Friday, June 18, 2010

Stitching Cha's Background (Or Not)


If you've been peeking over my shoulder as I stitch painted canvases for a while here at Blog, you know that I usually stitch the background of pieces first.  I often am asked why.  Is this the right way to stitch a painted canvas?  Well, no, I don't think there is a right or wrong place to start on a canvas, but personally, I like doing the background first.  It's my personal preference. I just like getting a good start on the background before I stitch the main parts of a canvas.  After all, backgrounds are HUGE and stitching them seems to take forever.

Sometimes it makes sense to do the background first.  Perhaps there is going to be a ton of compensation in the background.  It is often easier to count across bare, unstitched canvas to get the stitches compensated correctly if you work the background first.

Other times you'll want to stitch the background later, and I think Cha-Cha is going to  be one of these times.  Remember the six areas on this canvas?  The leaves, flowers, fruit, bird, branch and background?  If I am going to use fancy stitches in at least some of these areas, they all have to harmonize.  I am not sure I will know if the background stitch I've chosen (Brenda Hart's wide diamonds stitch from page 114 of her Stitches for the Millennium book) is right until I stitch a little of all the other five areas.  Here is what wide diamonds looks like.


To stitch it, I've found the easiest way is to do the blue stitches on the left first (working left to right), then working right to left do the yellow stitches, then switching to work left to right again, do the red stitches in the example above.  In other words, stitch the blue backbone of the stitch, then add the bottom area and finally stitch the top.  These three steps make up one wide diamond.  The diagram shows how the next diamond and other rows interlock.

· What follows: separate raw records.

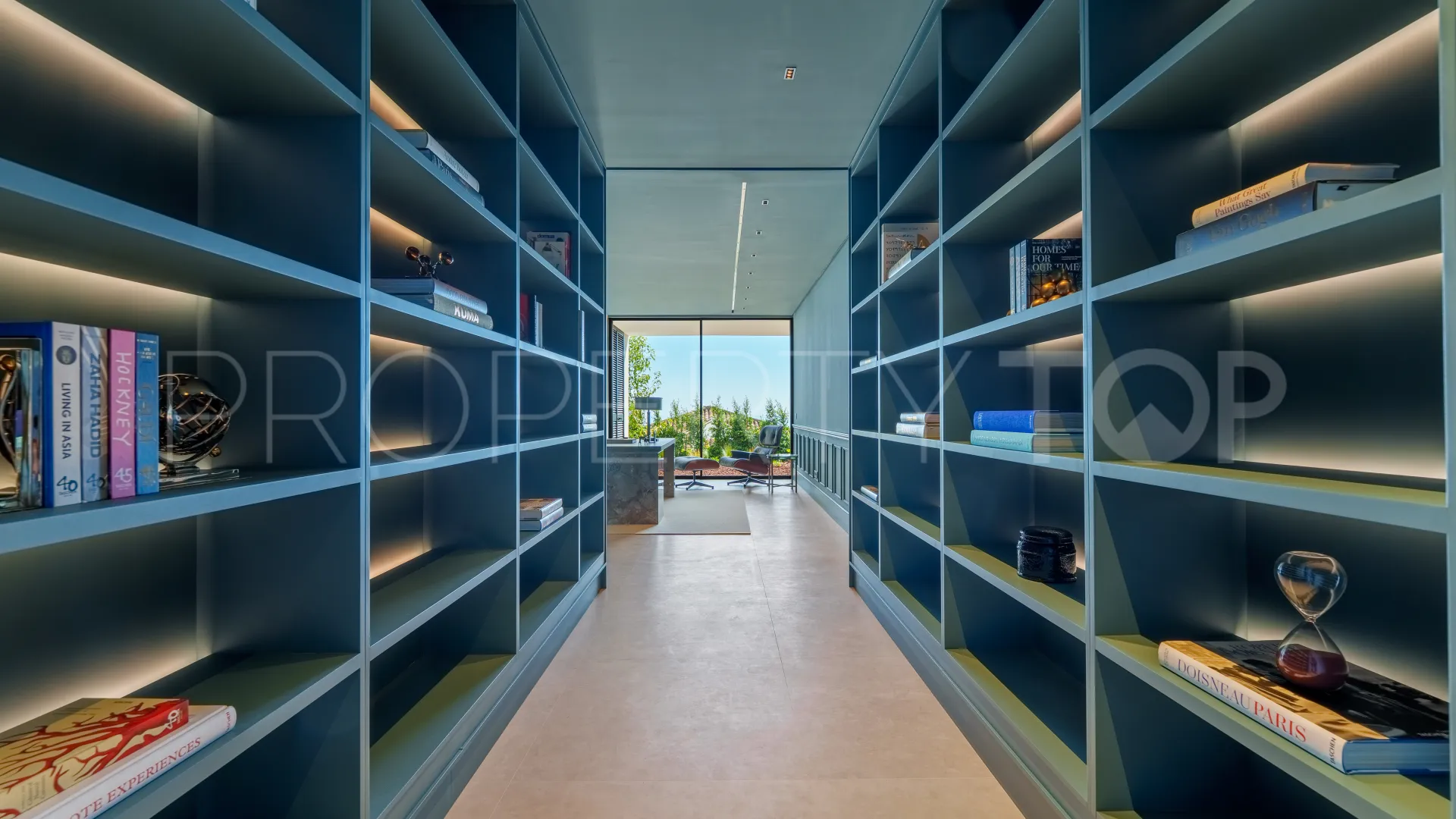 La Quinta, villa en venta de 8 dormitorios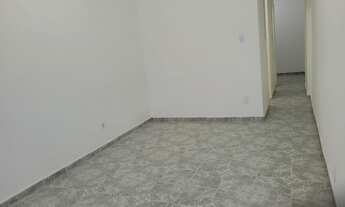Imagem 6: Apartamento para aluguel Catete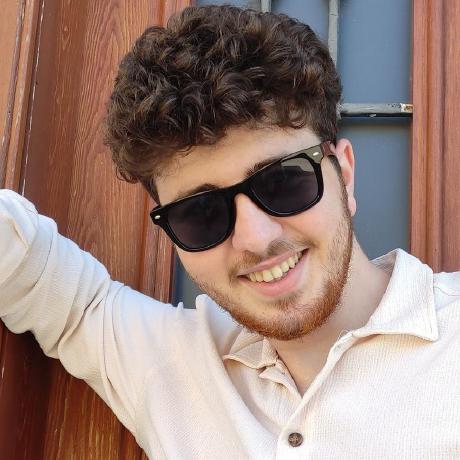 Ulisaykut Aykut Ul Github - Best Vintage Patterns in HD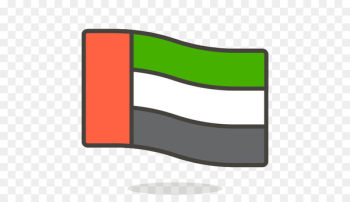 Computer Icons United Arab Emirates United States of America Portable Network Graphics - uae sign 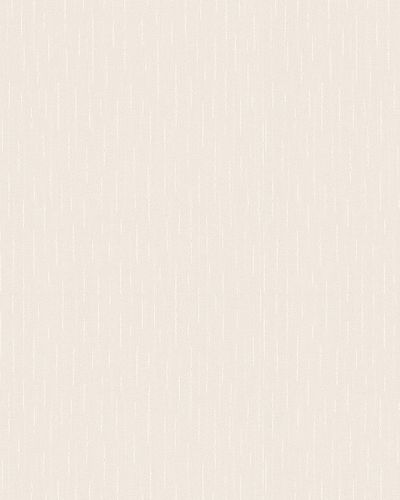 Tapeten Musterartikel 30653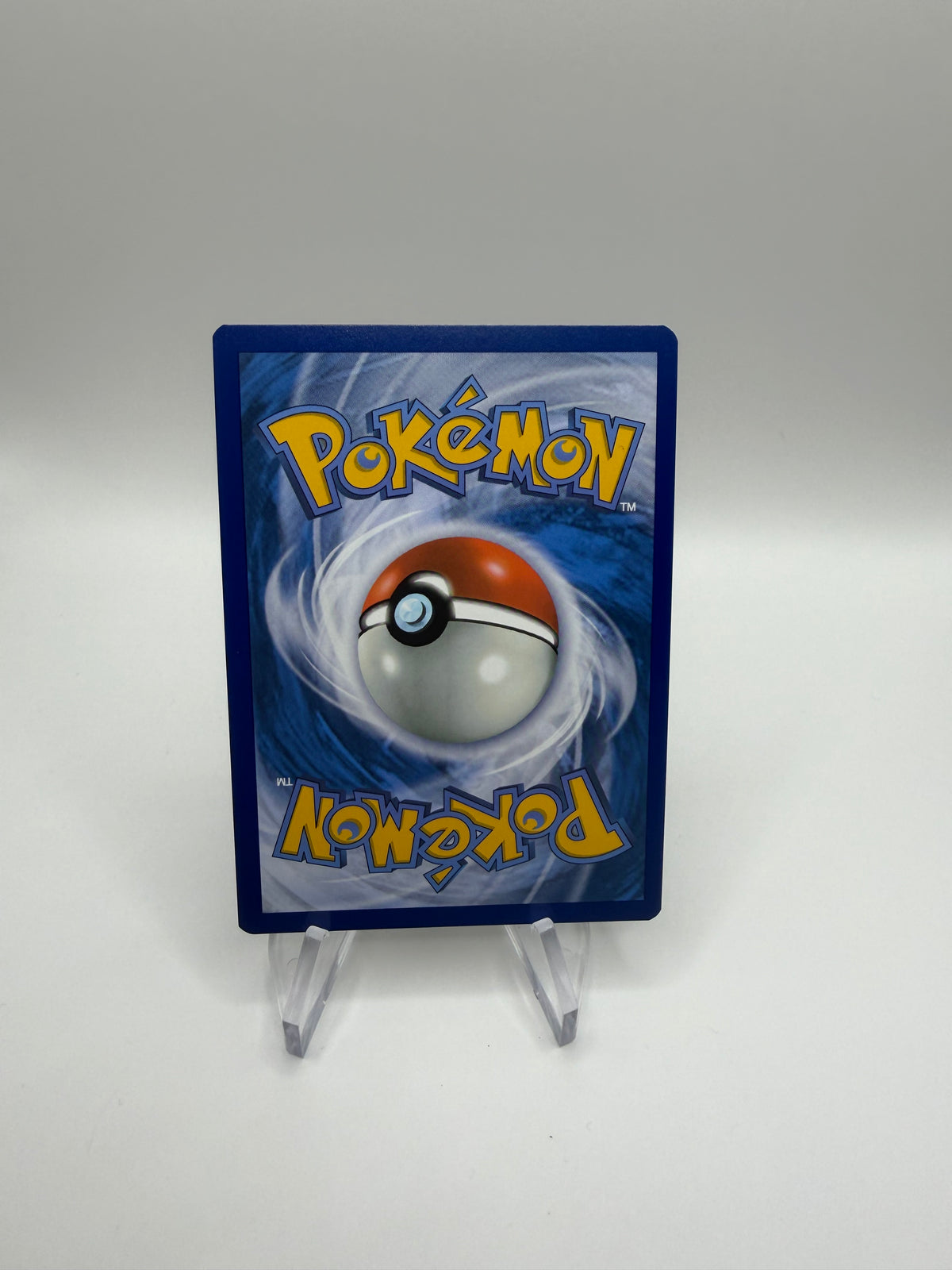 Pokemon Karte Art Rare Stalobor 174/162 Deutsch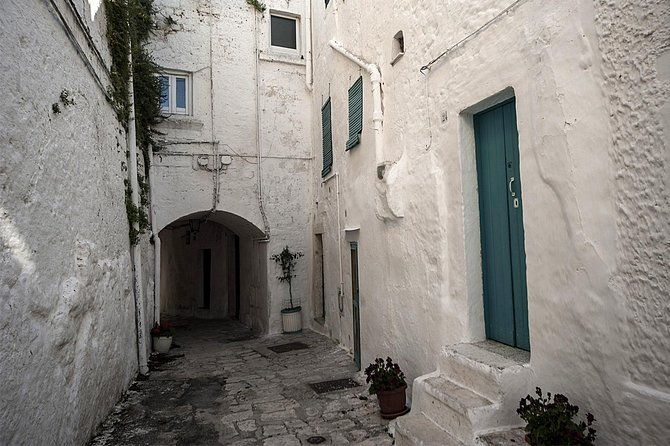 walking-tour-ostuni-the-white-city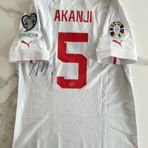Eneaa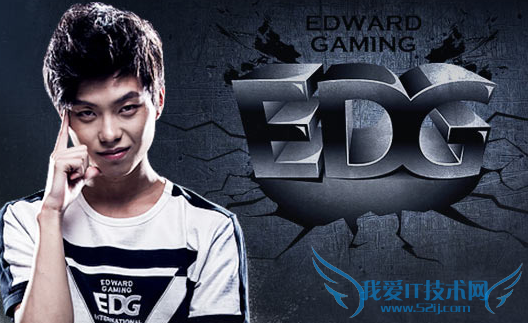 koro1直播间 koro1直播地址 koro1直播 korol直播地址 edg扣肉直播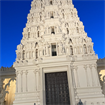 Veeresh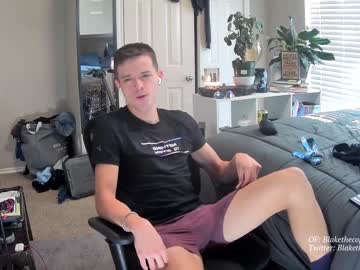man letsplayblake image #2880378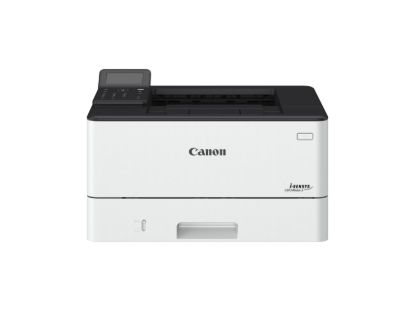 Obrázek Canon i- SENSYS LBP246dw II - černobílá, SF, A4, USB, LAN, Wi- Fi 40str./ min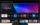 Toshiba 43UV3463DAW | 43" | Schwarz, thumbnail 1 of 5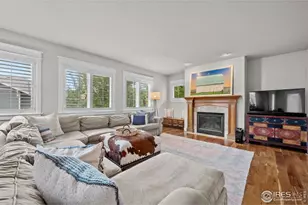 2005 Calico Ct, Longmont, CO 80503 - Photo 8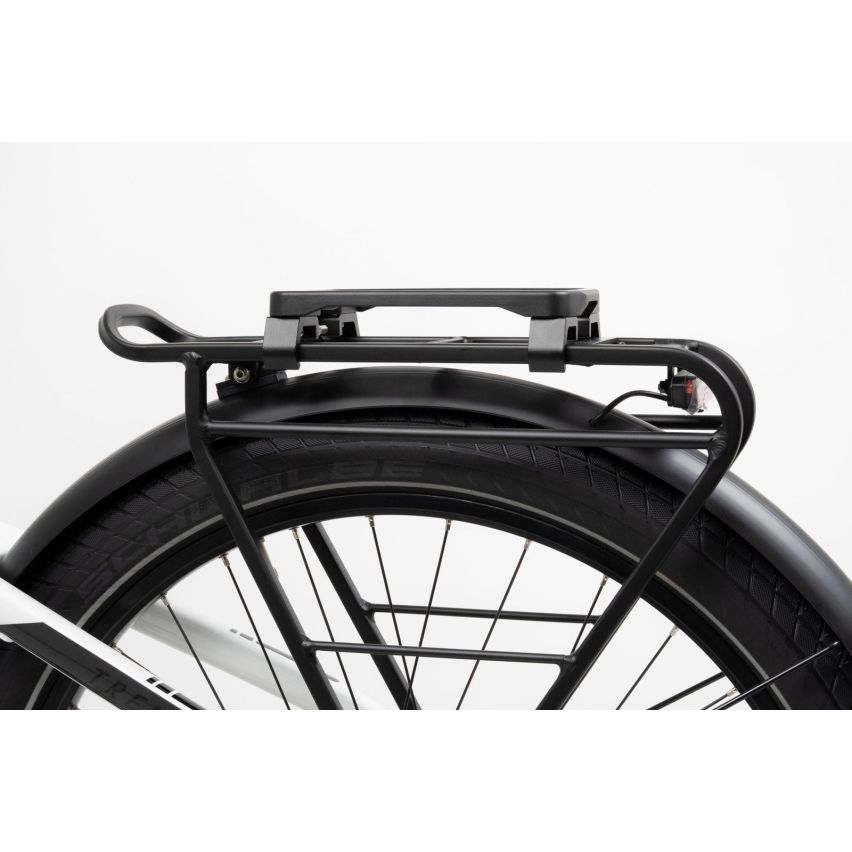 ATRAN VELO Carrier adapter Newrack Uni X-Wide  
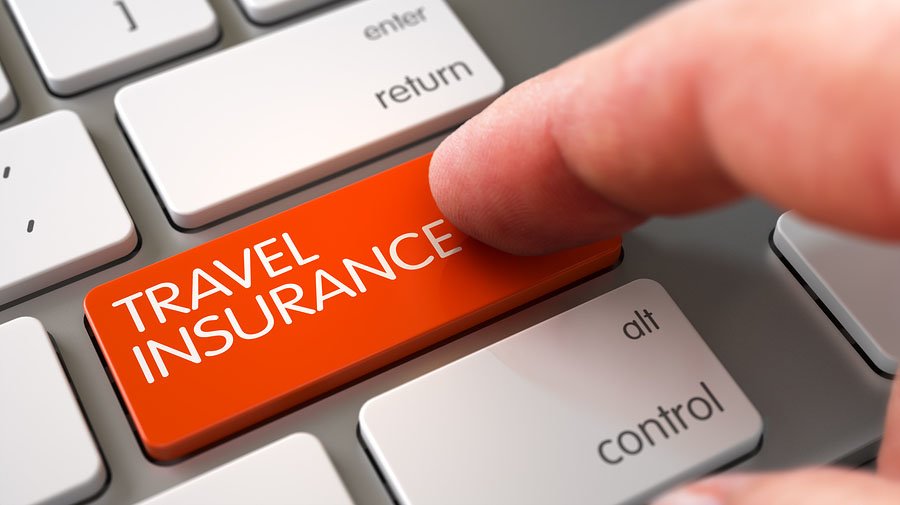 Travel Insurance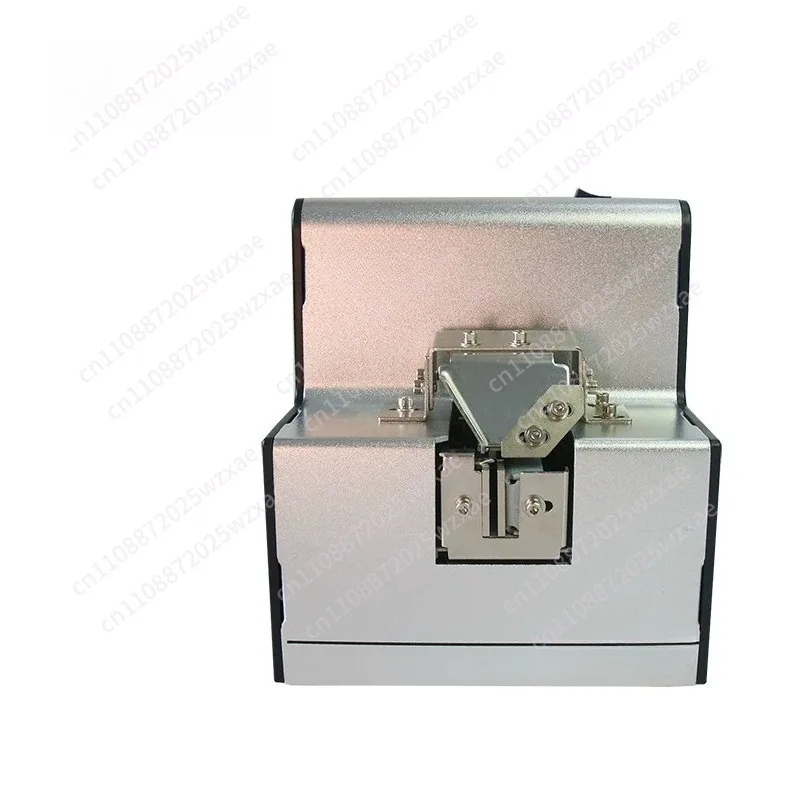 Automatic screw feeder, distributor 1-5MM adjustable track, screw conveyor, screw length 0-20MM 560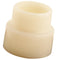 Bradley P19-117 Adapter-Bottle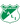 Escudo Deportivo Cali.png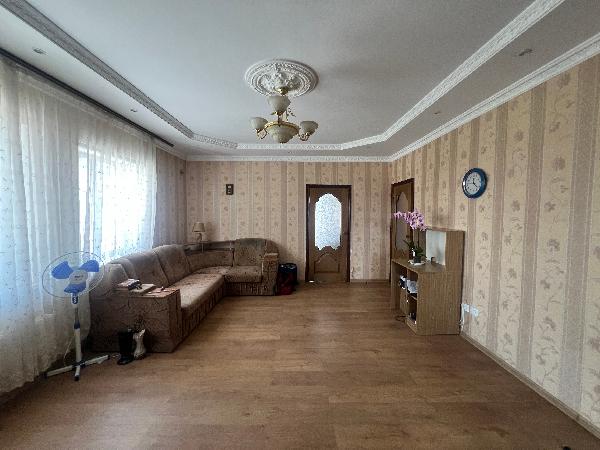  - фото нерухомості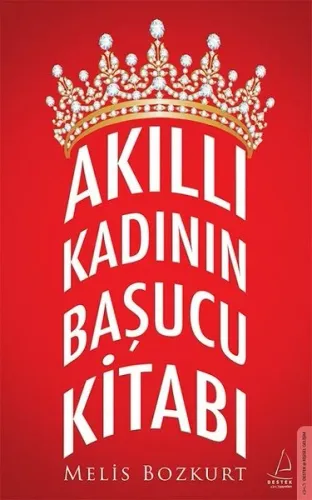 Akıllı Kadının Başucu Kitabı | Kitap Ambarı
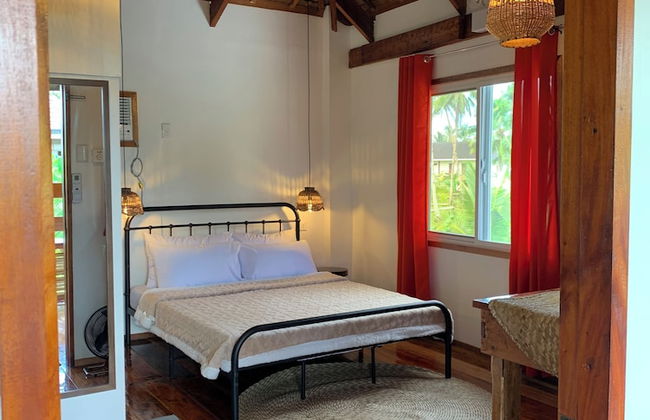 Wayans Siargao - Photo 9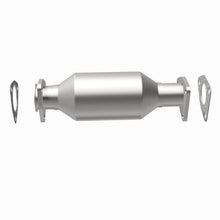 Load image into Gallery viewer, MagnaFlow Conv Direct Fit Honda 80-90
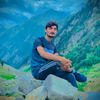 aliarmaghan8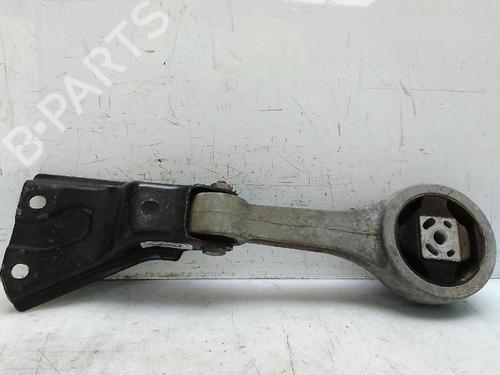 Engine mount VW POLO V (6R1, 6C1)  | BP27996031M89 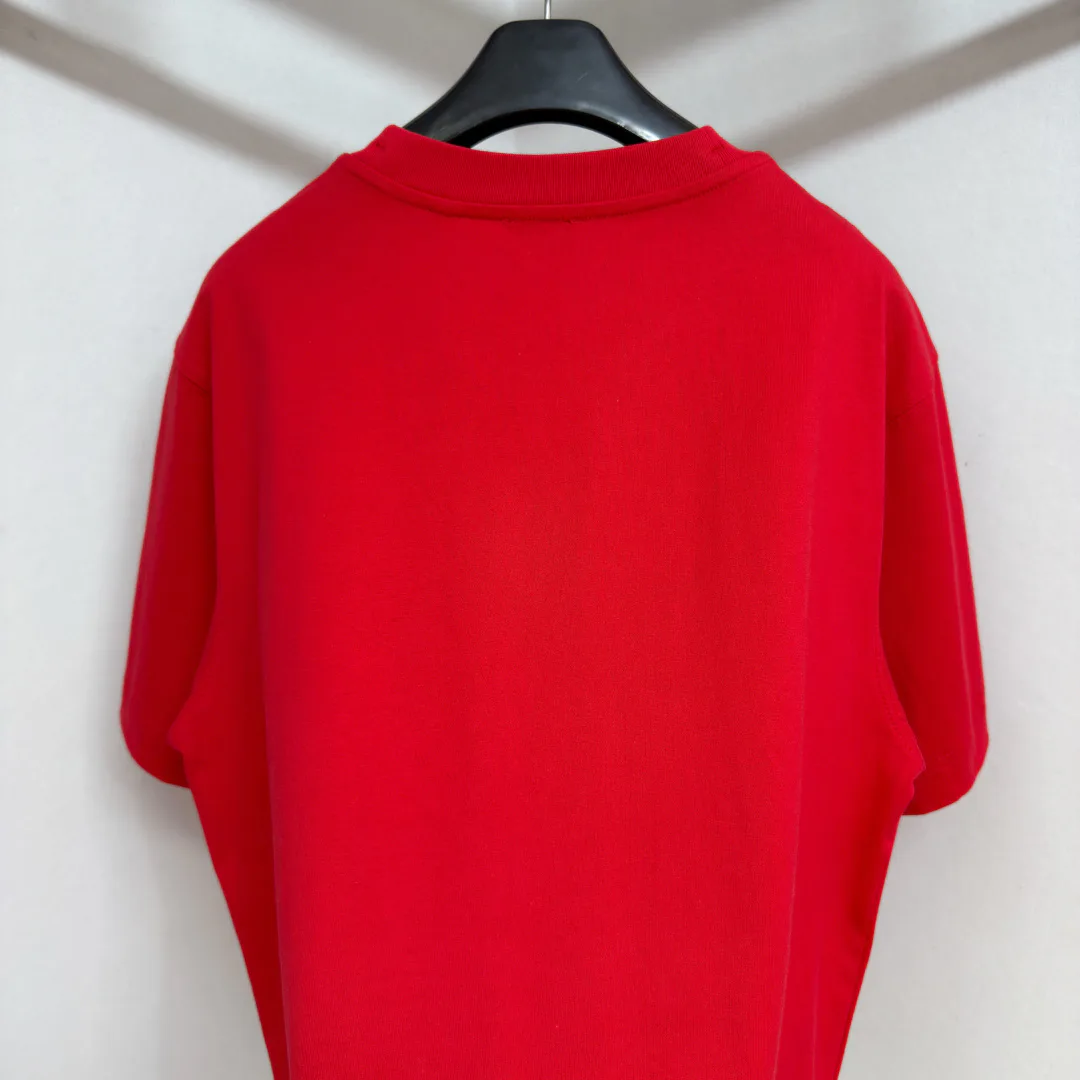 Футболки Мужские Christian Dior 610251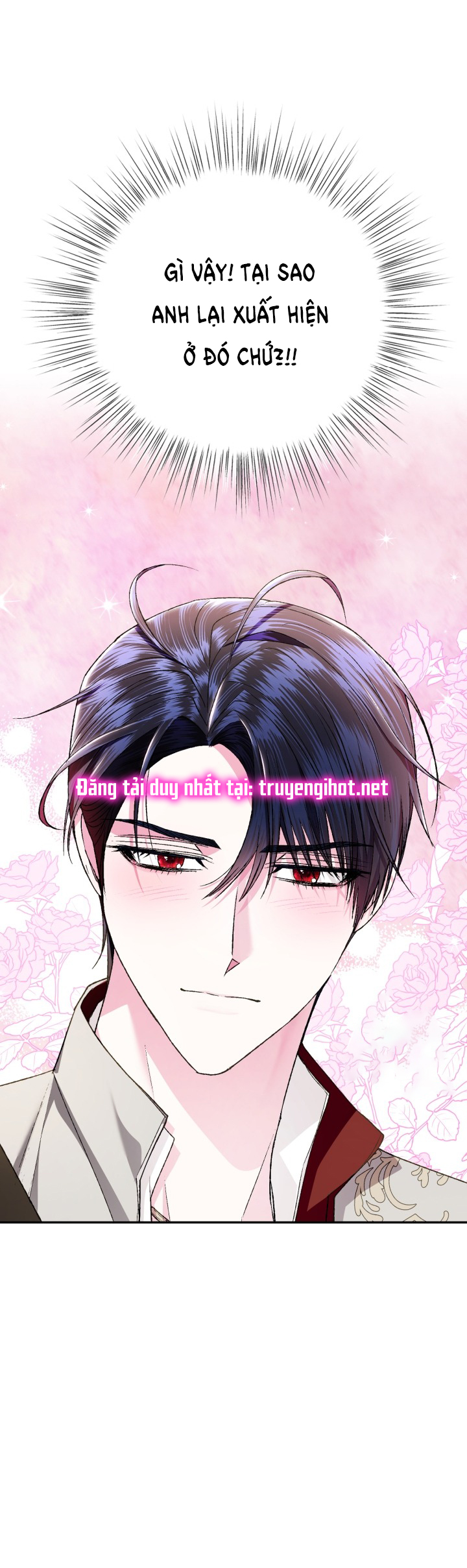 cha à, con không muốn kết hôn đâu chapter 81 22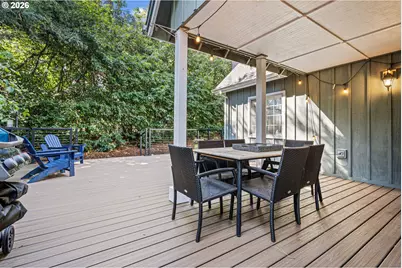 75 Marlboro Ln, Eugene, OR 97405 - Photo 40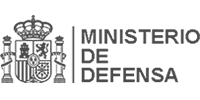 Ministry of Defense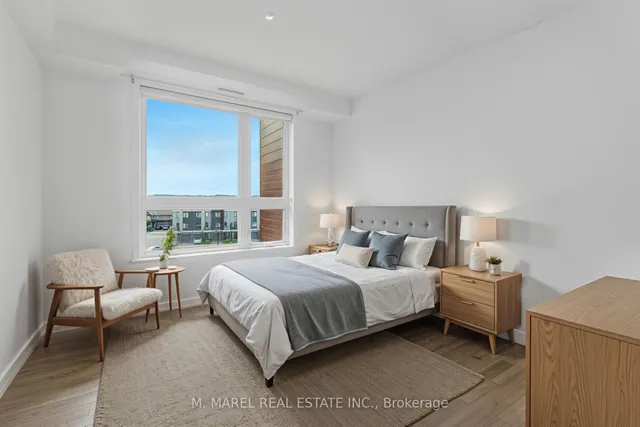 Additional image 13 of 125 Shoreview Pl Unit 432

It's a lovely stitch.  I saw it on one of Brenda Hart's student's canvases and think it is beautiful.  I also think it is perfect for Cha but I won't know for sure until I stitch some of all the other areas to see that the stitches I've chosen play nice together.


Here are the few rows of Wide Diamonds I've worked using one ply from the gorgeous JL Walsh overdyed silk wool in shades of pink.  I turned the canvas on its side to work vertical rows instead of trying to master the horizontal stitch.  If a stitch diagram doesn't make sense to you, turn the diagram and see if stitching it on its side seems more logical to you.  I do this all the time.  Of course I have to turn the canvas on its side, too!